Is it all about the writing?

In October, I asked: Can you find an agent by cold-querying? On New Year ’s Day, agent Rachelle Gardner posted her query statistics for 2010, in which she revealed she received over 10,000 query letters, but signed none of those authors. On Monday, Jody Hedlund asked a question on her blog: Is the Query System Dying?

I’m no longer involved in querying, but I read Jody’s post and comments with interest.

Wait! Do I know you?

A few had tales of the cold query system working for them, though most of those acknowledged that was years ago. Some said they got their agent’s attention through referral. Many said they first developed a relationship of sorts with the agent who eventually offered them representation.

To do that, they did things like commenting on the agent’s blog and following and interacting with them on Twitter, but the most often mentioned method was meeting their future agent at conferences and seminars, possibly more than once. The object was to cement your name in that agent’s memory and to garner that “golden ticket” allowing you to send REQUESTED material. But, as the writer of another comment pointed out, that’s not fair to those who can’t attend these conferences and seminars for whatever reason. And it’s not.

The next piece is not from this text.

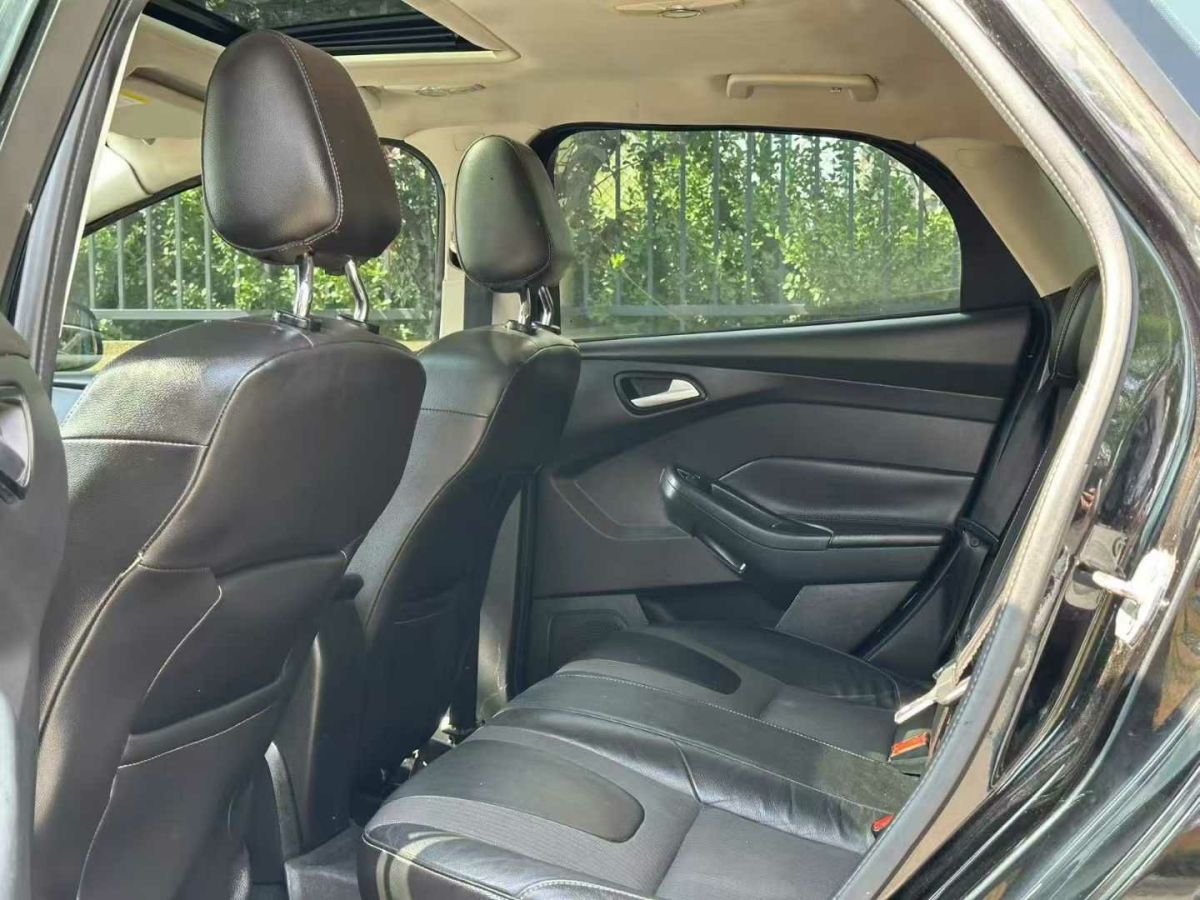 福特 ?？怂? 2014款 兩廂經(jīng)典 1.8L 自動(dòng)酷白典藏版圖片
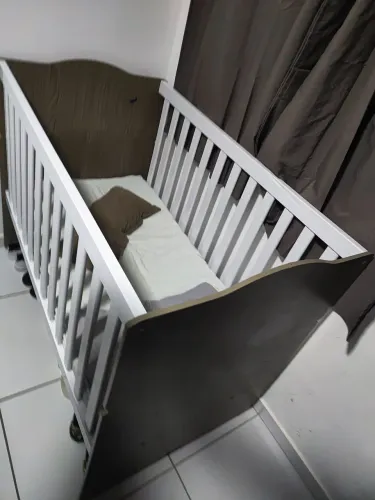 Berço em bom estado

Repeatedly, I heard it’s all about the writing. I followed all the agents’ rules, polished my query letter until my fingers bled, selected agents who said they were interested in books like mine—and got nowhere. I was frustrated because I knew my writing was good. I knew readers would enjoy my book. It’s demoralizing to think my query might not have even been considered.

I had believed a lie. Finding an agent to represent your novel is not all about the writing. It’s about what the publishers are buying. It’s not all about the writing. It’s about having a connection with that agent. Yes, in the end you have to write well. Or sort of. You have to have a great story, at least.  But none of those agents I carefully selected knew me from Eve. Was my query even in contention?

Those of you still seeking an agent, take note. If you have no “in” and no ability or opportunity to physically connect with the agents, you may have a very long struggle ahead of you. I wish you well.

Your turn: This is my opinion of the query game system. How do you see it?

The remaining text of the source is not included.